Friday, January 06, 2012

googlecli rediscovered

Yesterday, I rediscovered googlecl, a command line tools for the Google Data APIs. I had it in my delicious bookmarks, but had forgotten about it. I think it might prove useful to edit google documents with emacs when at my computer (with google docs edit "mydoc" --editor emacs) and the web interface when on the road.

And by the way, this post has been uploaded with google blogger post --tags "google, emacs, cli" --title "googlecli rediscovered" post.html.

Thursday, January 05, 2012

Bibtex database management - there is an emacs mode for that

Bibliographic management has always been a sensible issue. My only requirement is that whatever I use must support bibtex for optimal LaTeX experience. I use/have used JabRef, referencer, CiteULike and tested Mendeley (on Linux), but have never been totally convinced. Today, I discovered Ebib, which looks like a very promising candidate for at least some of my requirements. It seems that it misses an DOI or PMID [1] import feature, though.

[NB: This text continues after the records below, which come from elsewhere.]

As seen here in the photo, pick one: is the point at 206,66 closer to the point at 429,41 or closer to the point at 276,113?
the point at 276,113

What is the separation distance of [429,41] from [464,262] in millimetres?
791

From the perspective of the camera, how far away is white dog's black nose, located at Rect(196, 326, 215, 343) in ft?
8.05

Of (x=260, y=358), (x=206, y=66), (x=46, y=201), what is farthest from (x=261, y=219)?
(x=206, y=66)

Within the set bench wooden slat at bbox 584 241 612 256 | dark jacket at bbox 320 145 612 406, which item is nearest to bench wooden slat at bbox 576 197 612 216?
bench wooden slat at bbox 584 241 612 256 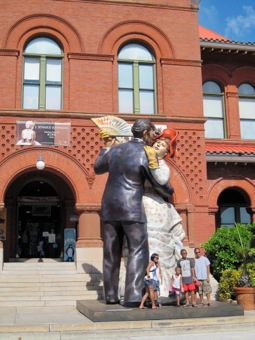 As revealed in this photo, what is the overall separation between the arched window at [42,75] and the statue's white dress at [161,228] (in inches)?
A: 370

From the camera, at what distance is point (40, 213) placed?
2102 cm

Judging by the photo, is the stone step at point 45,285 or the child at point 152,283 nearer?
the child at point 152,283

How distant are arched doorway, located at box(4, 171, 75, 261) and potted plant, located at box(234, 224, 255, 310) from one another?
26.7ft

[1] update: here it is, PubMode - A PubMed interface for Emacs :-)

Monday, November 07, 2011

Finally printing on our Epson Aculaser C1100 printer

Following Marc Higgins advices on this ubuntu forum thread (January 2nd, 2010 post):

$ wget http://000it.com/files/epson_c1100/epson_c1100_install.tar.gz
$ tar -zxvf epson_c1100_install.tar.gz

$ sudo dpkg -i *.deb

Wednesday, October 26, 2011

Open Source Licenses

Although getting into the gory details about software licensing is probably out of reach (and scope) for those of us who are not lawyers that specialised in that topic, it is always good to have some basic understanding of licenses when writing and distributing programs. Here are two interesting reads by Ed Burnette posted in 2006 on ZDNet: How to pick an open source license part 1 and part 2. The Open Source Initiative is also a good source of information.

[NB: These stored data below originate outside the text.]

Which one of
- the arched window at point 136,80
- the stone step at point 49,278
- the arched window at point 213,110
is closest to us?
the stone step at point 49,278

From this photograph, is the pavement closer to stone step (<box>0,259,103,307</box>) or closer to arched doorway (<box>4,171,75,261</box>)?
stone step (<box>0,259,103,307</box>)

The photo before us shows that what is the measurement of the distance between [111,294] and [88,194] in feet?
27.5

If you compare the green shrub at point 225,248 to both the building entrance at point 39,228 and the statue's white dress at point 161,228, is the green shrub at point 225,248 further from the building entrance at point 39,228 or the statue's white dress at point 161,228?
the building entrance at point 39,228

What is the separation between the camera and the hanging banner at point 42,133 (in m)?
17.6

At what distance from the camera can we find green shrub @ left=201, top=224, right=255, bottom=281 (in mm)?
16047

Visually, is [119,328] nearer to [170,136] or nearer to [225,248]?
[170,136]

These sources are most helpful when you use some third party free/open code and thus need to make sure that your software's license is compatible with its dependencies'.



Tuesday, October 25, 2011

Using an R session from a different emacs process

Here is my use case. Imagine you are running one (or several) R session within emacs - many buffers open, with the R session(s), script and other files. You want to open another R code file, somewhat related to you current work in progress, but not open yet another buffer. You want to open that other file in another emacs process, and then connect to the R session in the first emacs instance. Does that make sense...

In brief, (1) start an emacs server in your first process and (2) use the emacsclient to connect to the server's R process. (1) is done by typing M-x server-start and (2)  by opening a new emacs client process with emacsclient -nw and connect to the R session with M-x ess-request-process (possibly specifying the session if several are available).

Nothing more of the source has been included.